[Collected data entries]
-- Opening Marker --

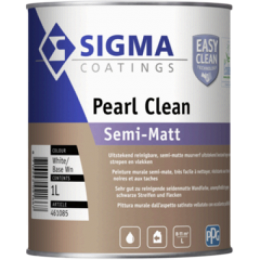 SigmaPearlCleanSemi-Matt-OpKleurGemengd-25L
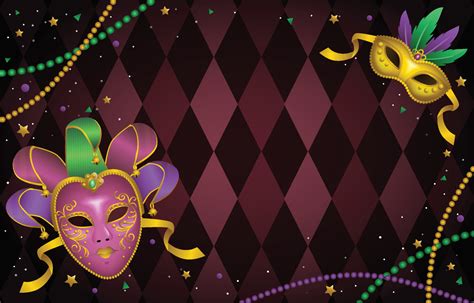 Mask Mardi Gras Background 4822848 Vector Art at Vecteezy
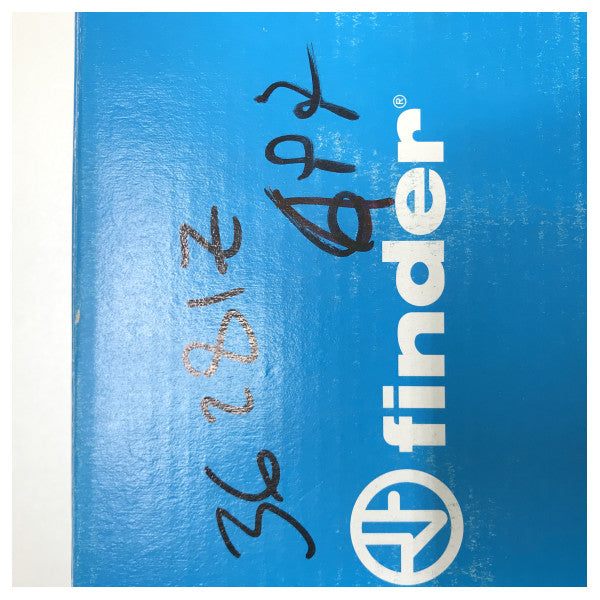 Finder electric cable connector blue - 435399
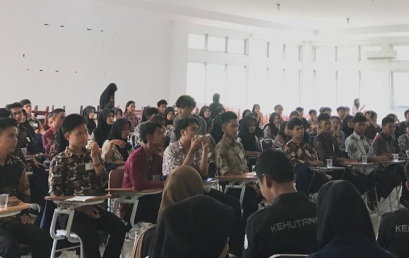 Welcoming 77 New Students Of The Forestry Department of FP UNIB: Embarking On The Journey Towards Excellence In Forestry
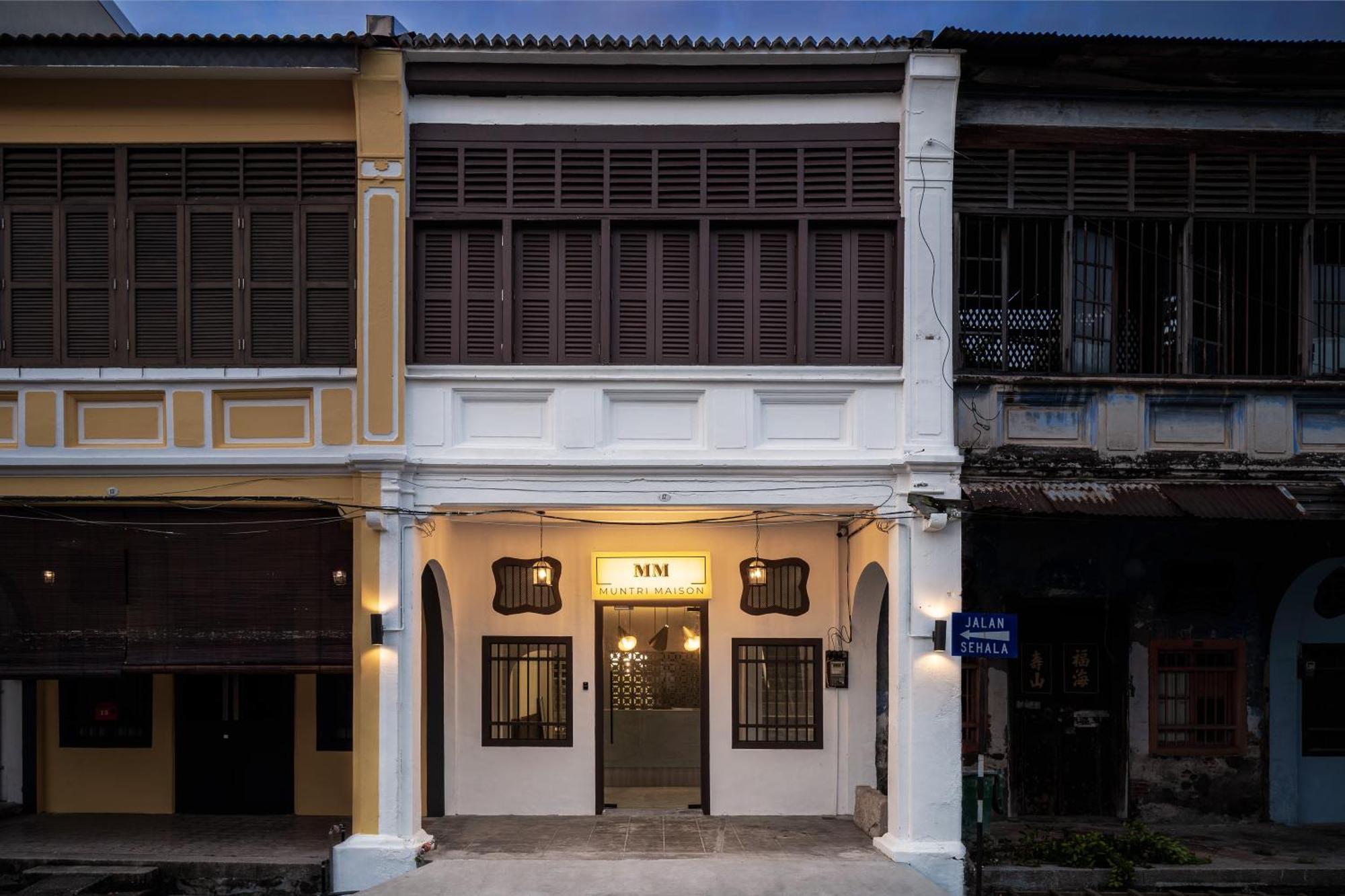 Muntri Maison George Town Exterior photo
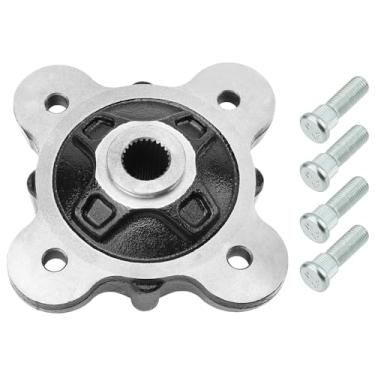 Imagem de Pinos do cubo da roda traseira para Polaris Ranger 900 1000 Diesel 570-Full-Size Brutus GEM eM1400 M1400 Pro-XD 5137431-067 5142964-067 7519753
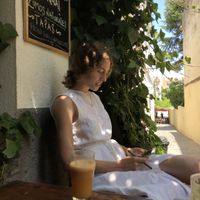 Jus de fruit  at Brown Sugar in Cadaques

-- Closing Marker --

- **What to produce**: Both ends included, copy the lines from the one holding "Muntri Maison George Town Exterior photo" to the last line of the entries exactly, with all pictures left out.

- **Completed task**:
 Muntri Maison George Town Exterior photo
 Imagem de Pinos do cubo da roda traseira para Polaris Ranger 900 1000 Diesel 570-Full-Size Brutus GEM eM1400 M1400 Pro-XD 5137431-067 5142964-067 7519753
 Jus de fruit  at Brown Sugar in Cadaques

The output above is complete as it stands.